» Task brief: In the listing that follows, find the line with "a living room", then copy exactly from it through the line with "A hotel lobby", leaving out every picture.
** Listed entries follows **
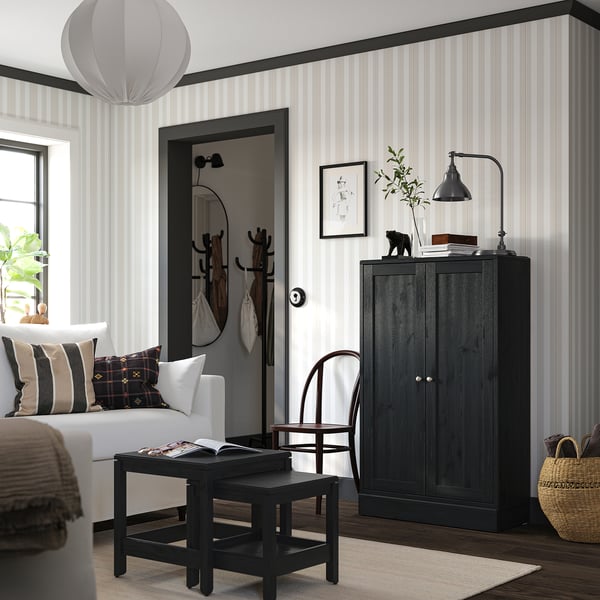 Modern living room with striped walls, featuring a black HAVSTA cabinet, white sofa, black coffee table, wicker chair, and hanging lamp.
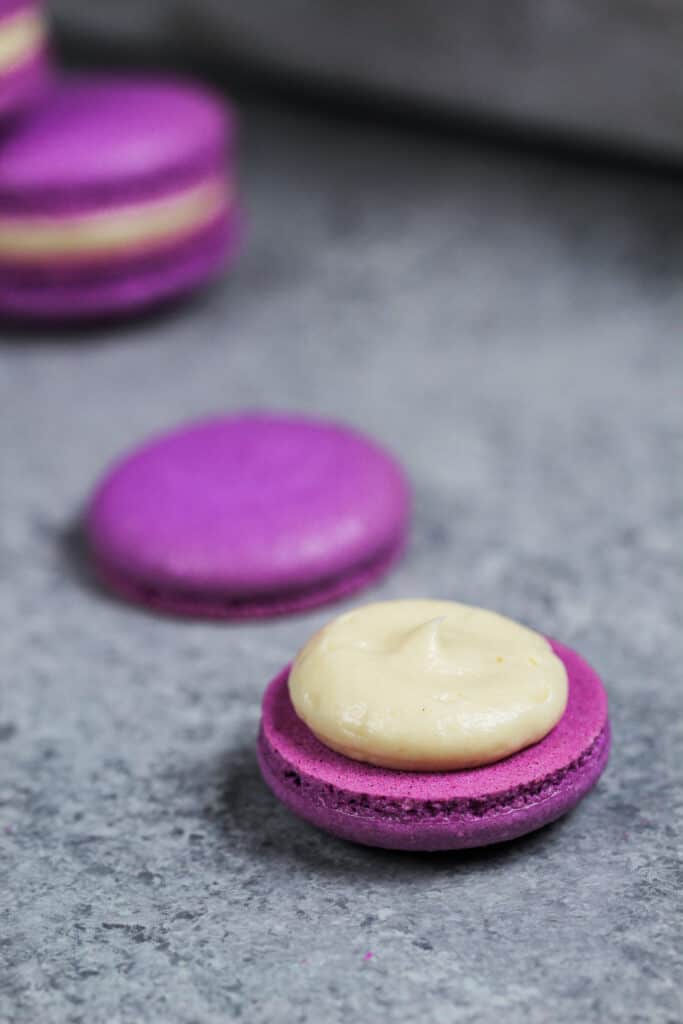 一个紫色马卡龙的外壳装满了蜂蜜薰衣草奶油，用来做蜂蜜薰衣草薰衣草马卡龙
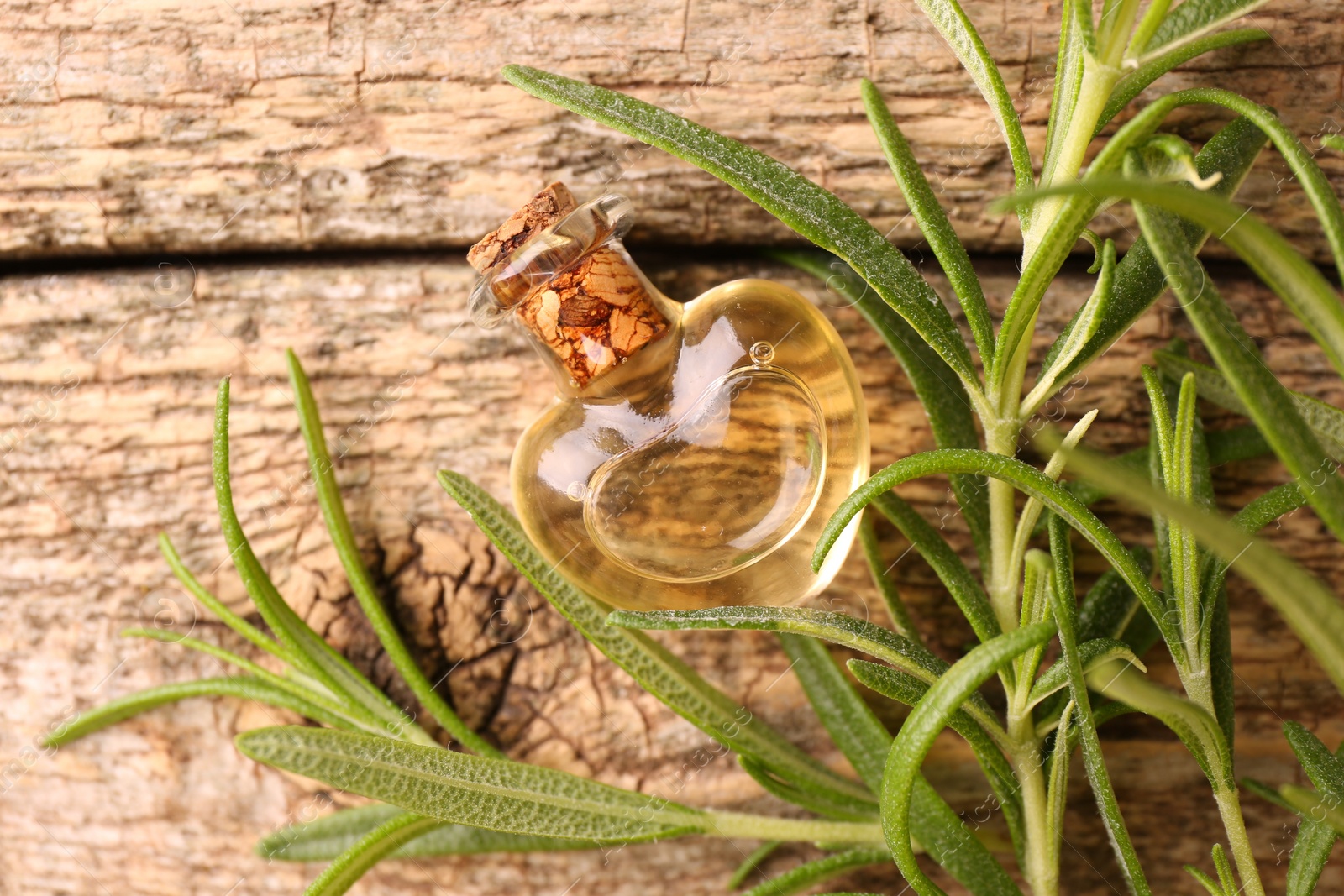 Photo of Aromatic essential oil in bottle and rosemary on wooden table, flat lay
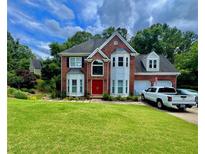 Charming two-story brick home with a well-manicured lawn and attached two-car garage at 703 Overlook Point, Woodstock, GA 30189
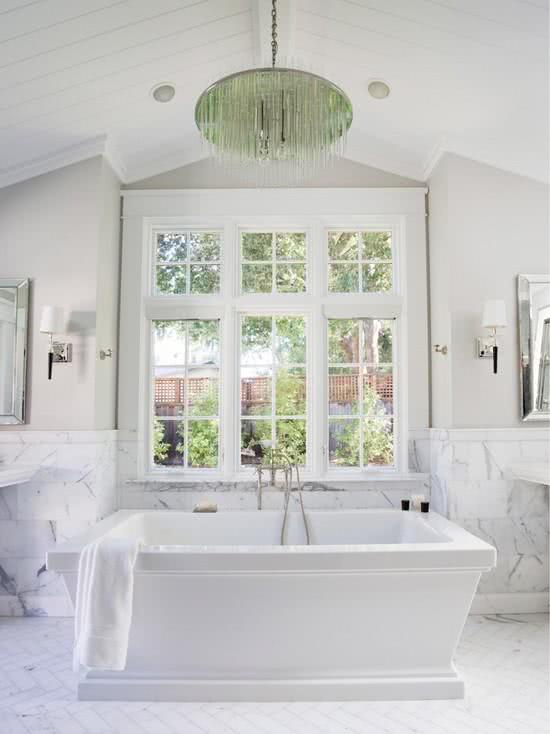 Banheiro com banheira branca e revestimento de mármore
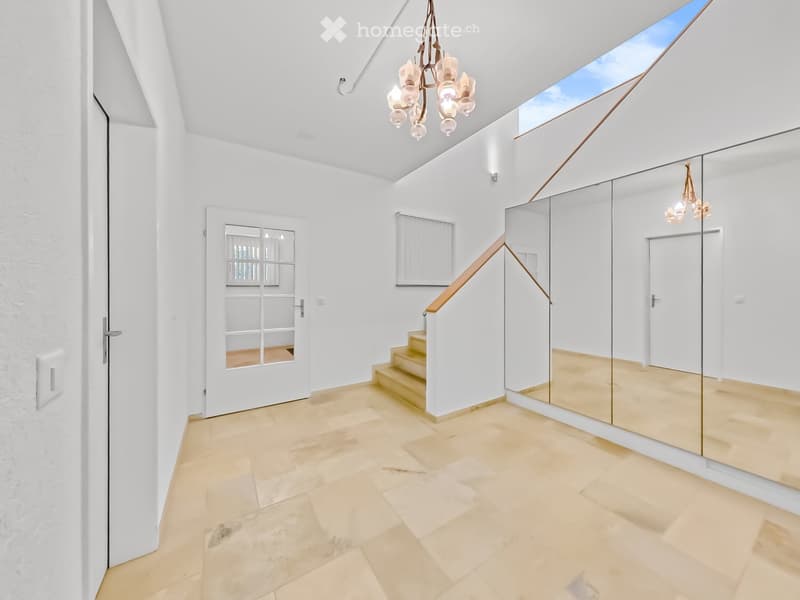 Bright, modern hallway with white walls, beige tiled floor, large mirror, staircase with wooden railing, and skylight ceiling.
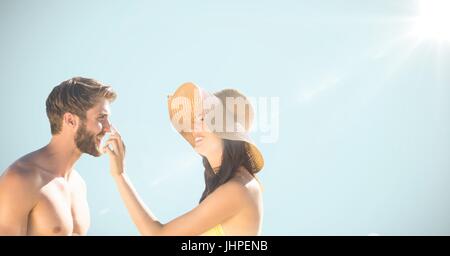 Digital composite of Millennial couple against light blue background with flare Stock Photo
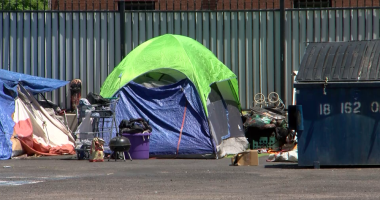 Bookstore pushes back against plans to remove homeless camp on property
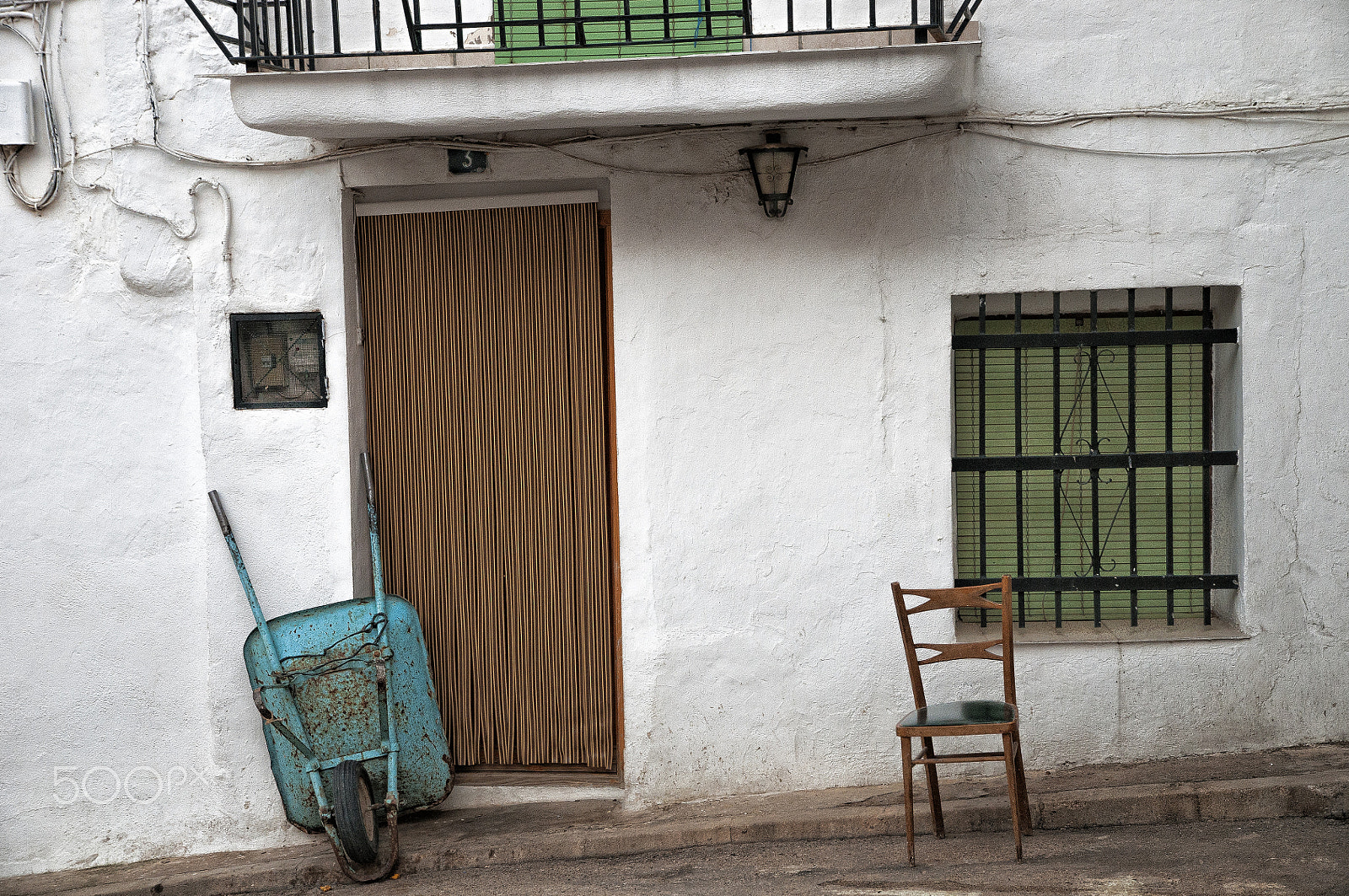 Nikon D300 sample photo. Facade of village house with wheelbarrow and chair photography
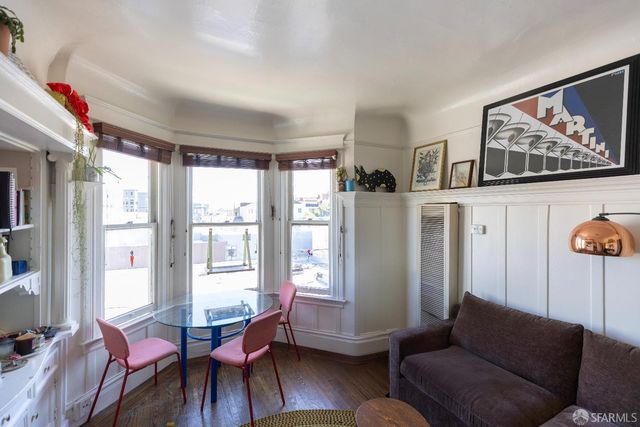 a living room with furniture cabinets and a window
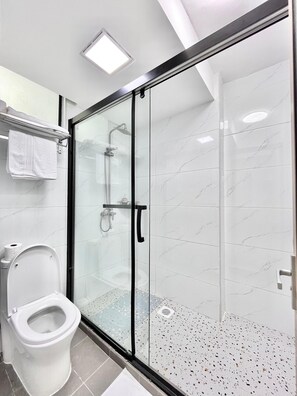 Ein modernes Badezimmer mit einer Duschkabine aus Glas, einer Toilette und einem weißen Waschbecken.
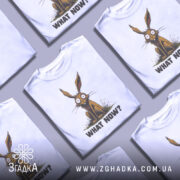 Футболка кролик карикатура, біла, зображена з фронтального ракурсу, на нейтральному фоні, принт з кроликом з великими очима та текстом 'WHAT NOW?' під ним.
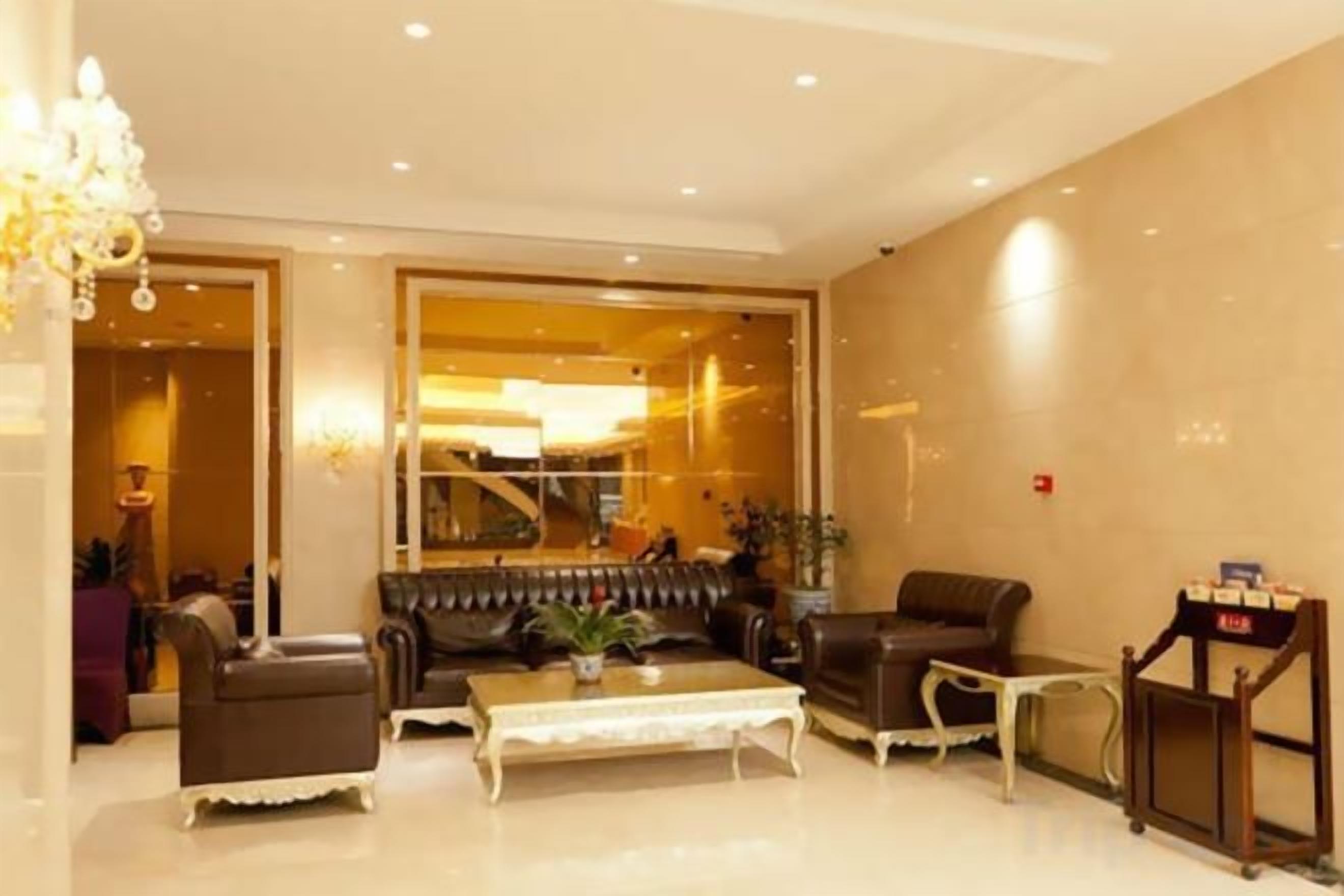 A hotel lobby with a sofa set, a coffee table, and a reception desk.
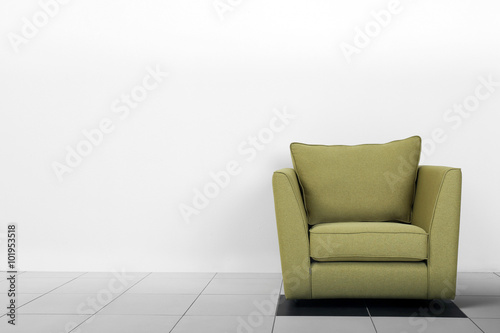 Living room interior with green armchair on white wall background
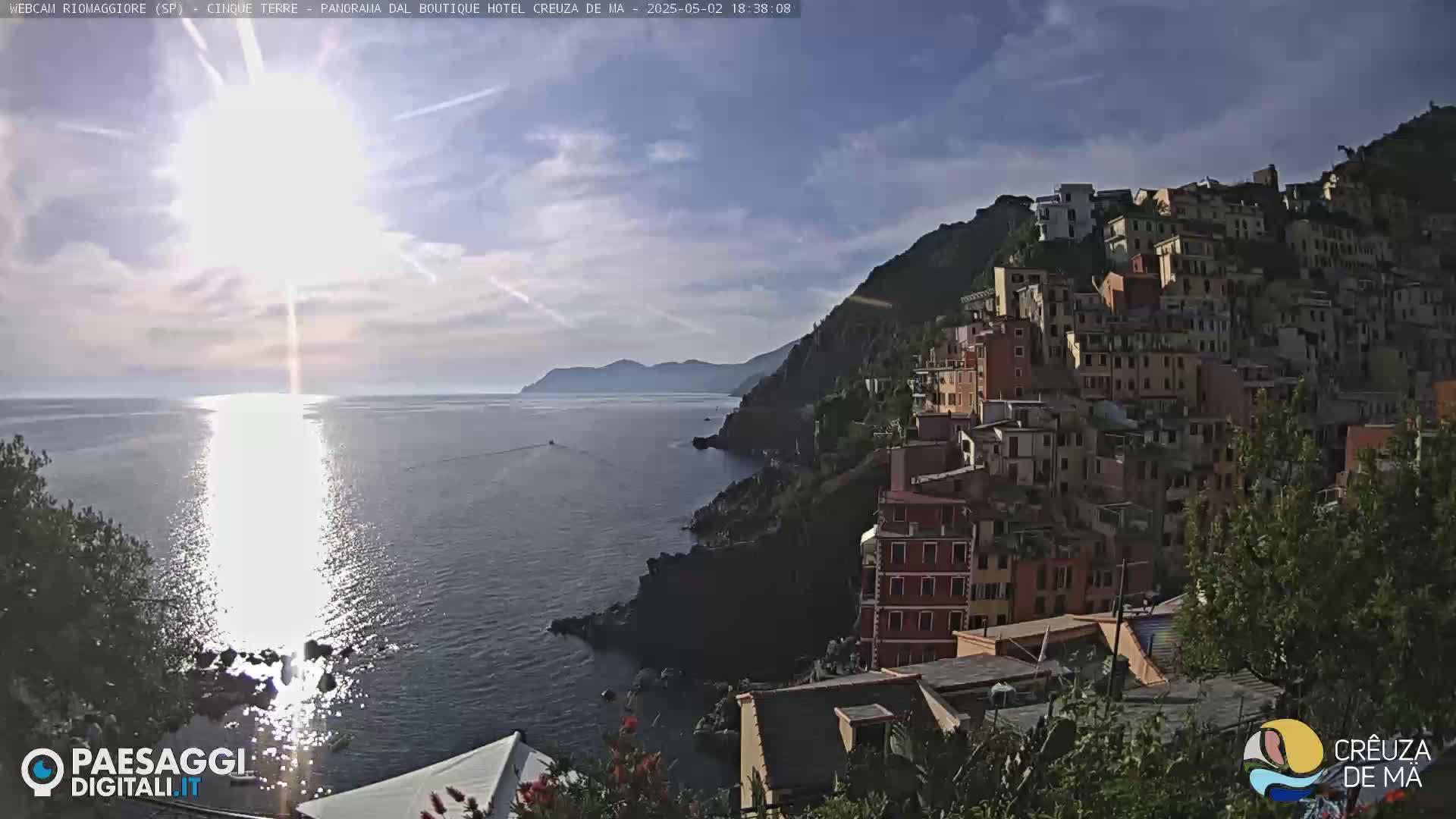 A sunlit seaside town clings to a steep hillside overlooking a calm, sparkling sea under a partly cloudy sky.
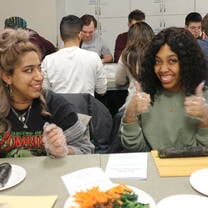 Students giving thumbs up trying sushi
** End of Listed entries **
» Your response:
 a living room with furniture cabinets and a window
 Ein modernes Badezimmer mit einer Duschkabine aus Glas, einer Toilette und einem weißen Waschbecken.
 Футболка кролик карикатура, біла, зображена з фронтального ракурсу, на нейтральному фоні, принт з кроликом з великими очима та текстом 'WHAT NOW?' під ним.
 A hotel lobby with a sofa set, a coffee table, and a reception desk.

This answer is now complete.